News: Welsh Poet and Retired BYU Professor Leslie Norris Dies

The Welsh poet and educator Leslie Norris suffered a massive stroke and died April 6th at 9:30 p.m. He was eighty-five years old.

Leslie Norris was born in the Welsh mining town of Merthyr Tydfil. A man of remarkable sensibilities, he felt life intensely very early on and began writing poetry as a boy. In his teens he spent hours in the company of such famous Welsh poets as Vernon Watkins and Dylan Thomas. Eventually his own poetry became world-renowned; at one time he was a candidate for poet laureate of England.

As Leslie passed out of his teens, practical considerations required his choosing a career over writing poetry. His life as an educator took off, but the more promotions he received the more distant he felt from students and from the joy writing gave him. Eventually Leslie reached a crossroads: he had to decide whether he was a poet or an educator. He began to re-engineer his career to allow him to escape from the walled world of school administration and return to a musical and meaningful relationship with words, where he felt happier and engaged. Also, Leslie needed to be with students; his advancements up the administrative ladder had robbed him of that.

In the “˜70s he accepted an invitation to teach at the University of Washington. I remember him first coming to BYU for the Rocky Mountain Writer’s Convention during that time. One way or another he was invited to teach at BYU and in 1983 took a six-month position he found very agreeable. BYU was smart enough to ask him to stay longer, naming him its poet-in-residence. The relationship between Leslie and BYU continued till the end of his life.

Leslie was not a Mormon but his influence in the Utah and Mormon literary community during those twenty plus years has been an inestimable gift. He guided and inspired many Mormon writers in the throes of developing their craft, myself among them. Besides his gifts in language Leslie possessed qualities sometimes thought antithetical to the stereotypical brooding poet–qualities such as kindness, clarity, and wisdom. Leslie’s writing and physical presence have always seemed to me completely approachable and wholly unaffected.

As more details become available I’ll post them in updates. Also I hope over the next few days to put up a post of personal remembrances of Leslie Norris.
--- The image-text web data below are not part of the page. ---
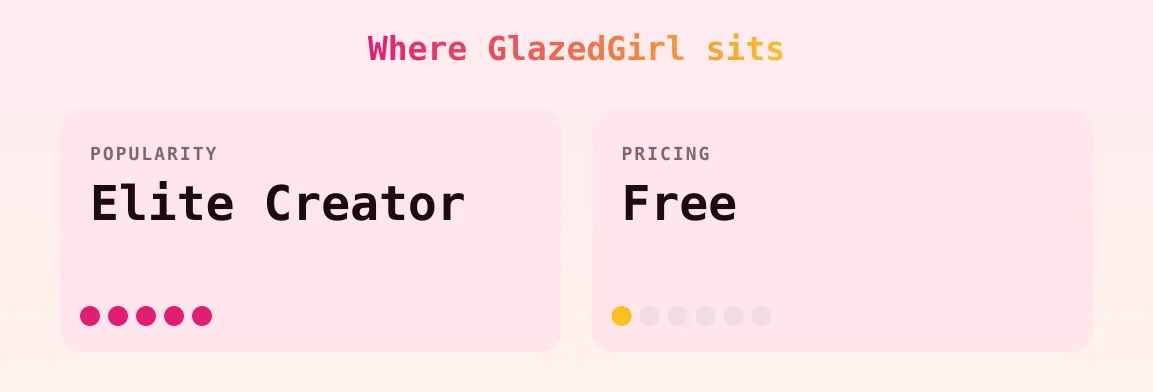 GlazedGirl — popularity and pricing tiers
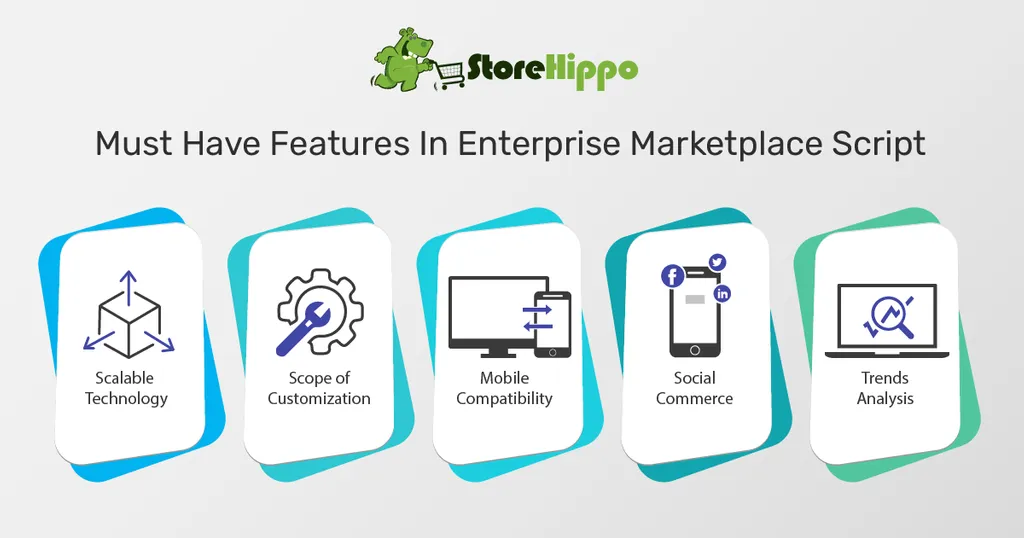 5-things-enterprise-ecommerce-businesses-should-check-in-their-marketplace-script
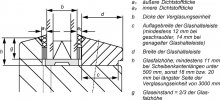 Abbildung 6 
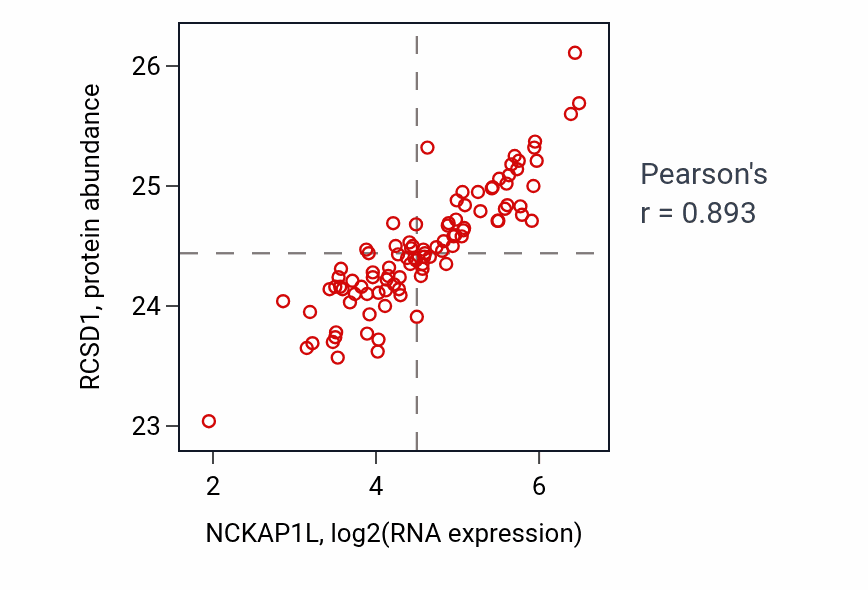 Per-sample scatter of NCKAP1L vs RCSD1 in GBM (Pearson r = 0.89).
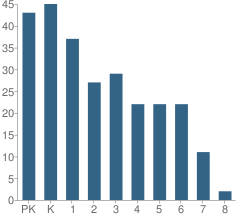 Number of Students Per Grade For Hosanna Christian School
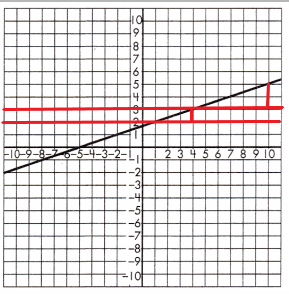 Spectrum-Math-Grade-8-Chapter-5-Lesson-5-Answer-Key-Slope-and-Similar-Triangles-8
At that time AMV will invite any of our readers who have also known him to tell their own stories.

8 thoughts on “News: Welsh Poet and Retired BYU Professor Leslie Norris Dies”

  1. He was one of my favorite teachers. To this day I remember him reading Keats’ Ode to Autumn to us in his Welsh-accented English. When he finished, he said, “That is a perfect poem.” When a student asked what he meant, he responded, “There is not a word in the poem that can be improved by changing it.”
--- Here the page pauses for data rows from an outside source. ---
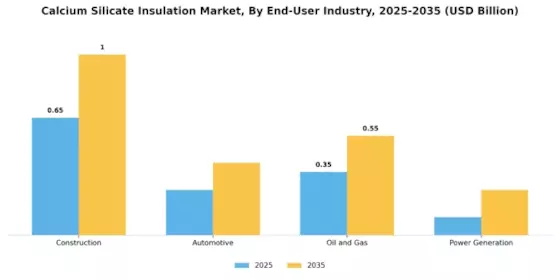 Calcium Silicate Insulation Market Segment Image 3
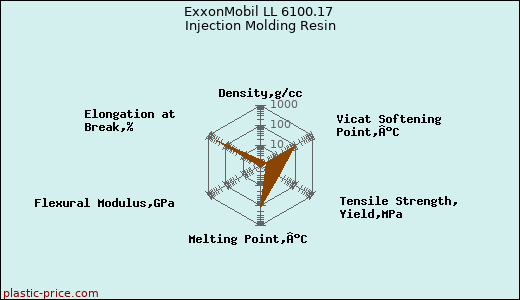 ExxonMobil LL 6100.17 Injection Molding Resin
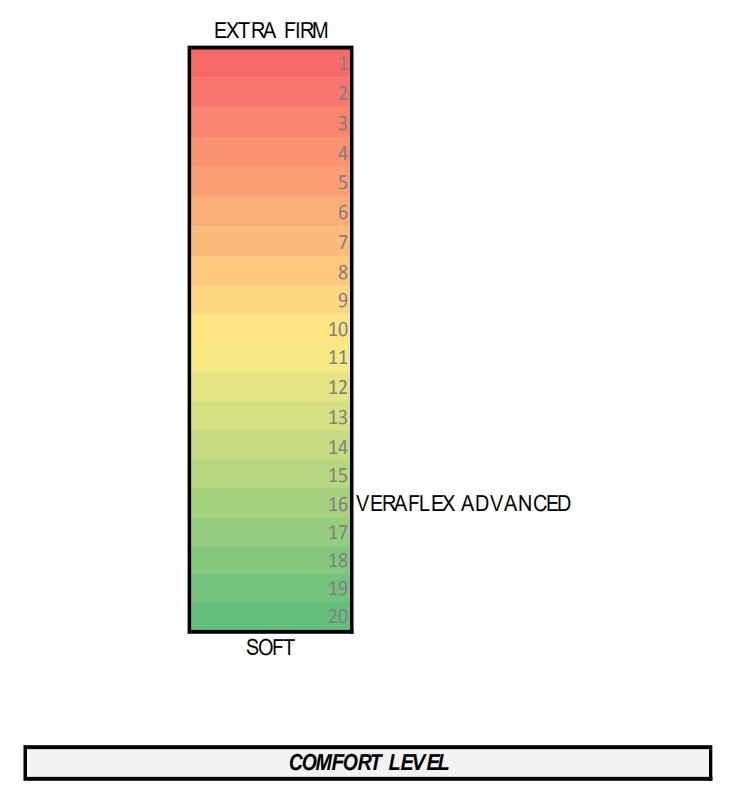Veraflex Advanced 13" Aloe Vera Fabric Foam Queen Size Mattress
    Through his instruction, I began to attune my ear and mind to poetry. Prior to that class, I had lacked the woodcraft to enter the forest.
     

    Posted by greenfrog

  2. My husband, Neal Bonham, and I heard Leslie read a poem called “Hudson’s Geese”, at a reading at the University of Washington. We were so totally enamored of this poem that we requested permission to make a broadside of it, and that is how we started our collaboration. A Tree Sequence, published in 1983, by our press was what inspired Neal to make his first shaded watermark in handmade paper. Leslie Norris was always patience itself as we labored over the handset type, letterpress process of producing a handmade book. He is missed.
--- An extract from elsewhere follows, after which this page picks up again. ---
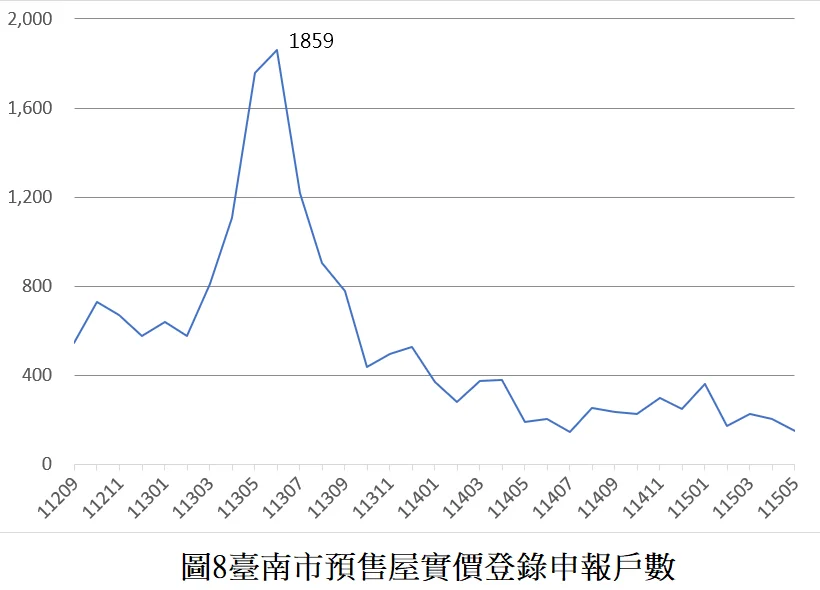 圖片來源:澄傳媒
  3. Thank you, Suzanne, for stopping by and commenting. “Hudson’s Geese” is a startlingly beautiful and stunning poem. Anybody interested in reading it may go here:

    http://deseretnews.com/article/1,5143,595056713,00.html

    Also interesting is Tyler Chadwick’s “Hudson’s Geese: Reprise” in the Spring 2006 issue of Irreantum. Tyler dedicates the poem to Leslie.

    The BYU Creative Works Catalogue offers a CD of Leslie reading several of his poems, “Hudson Geese” among them. Recordings like these make it easier to bear his loss, so much of his soul shone in his voice.